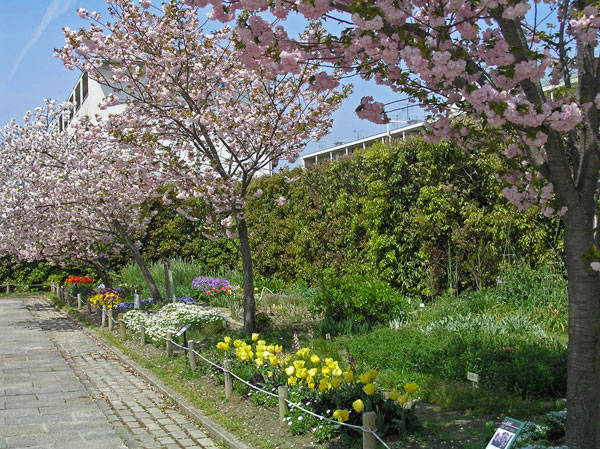 f:id:htym67:20110422221154j:image f:id:htym67:20110422221154j:image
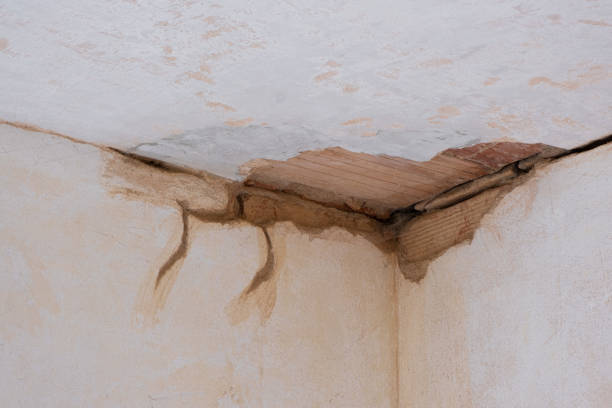 Best Water damage contractors near me  in Sheffield, IA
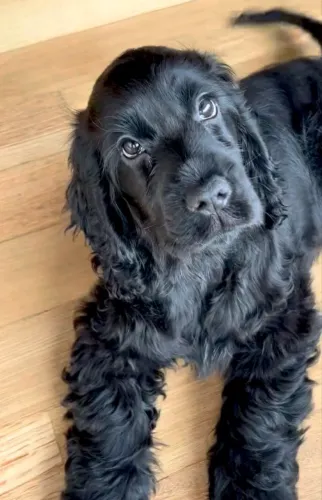 Cocker seu belo filhote está somente a sua espera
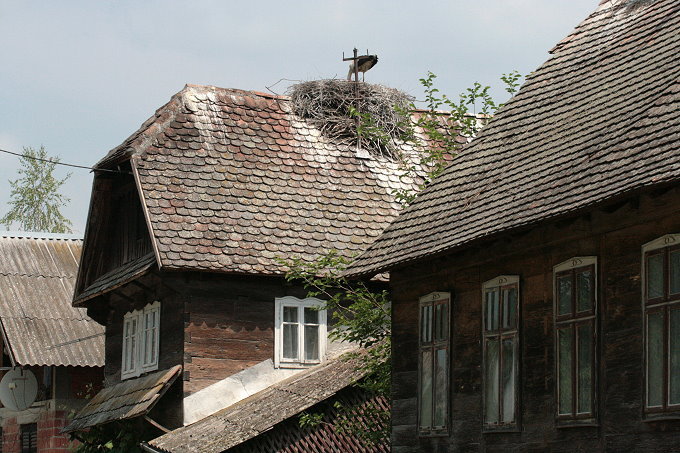 Landesinnere: CIGOC > Storchennnest auf dem Dach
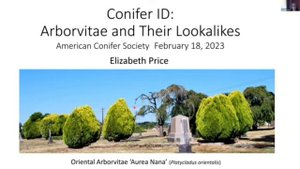 Платикладус, плосковеточник, биота, туя восточная. Сорт Aurea Nana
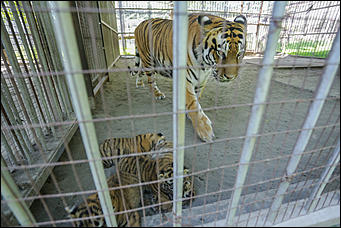 17 июля 2018 г., Барнаул. Екатерина Смолихина   Хищники-малютки: тигрята в барнаульском зоопарке делают первые шаги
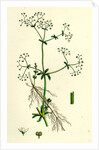 Galium Palustre Var. Elongatum Marsh Bedstraw Var. A. by Anonymous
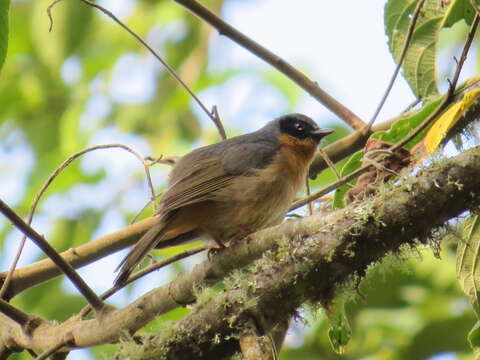 Image of Black-eared Hemispingus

---------------

= EXERCISE =
Without the pictures, write out the entire listing exactly.

= ANSWER BOX =
 f:id:htym67:20110422221154j:image f:id:htym67:20110422221154j:image
 Best Water damage contractors near me  in Sheffield, IA
 Cocker seu belo filhote está somente a sua espera
 Landesinnere: CIGOC > Storchennnest auf dem Dach
 Платикладус, плосковеточник, биота, туя восточная. Сорт Aurea Nana
 17 июля 2018 г., Барнаул. Екатерина Смолихина   Хищники-малютки: тигрята в барнаульском зоопарке делают первые шаги
 Galium Palustre Var. Elongatum Marsh Bedstraw Var. A. by Anonymous
 Image of Black-eared Hemispingus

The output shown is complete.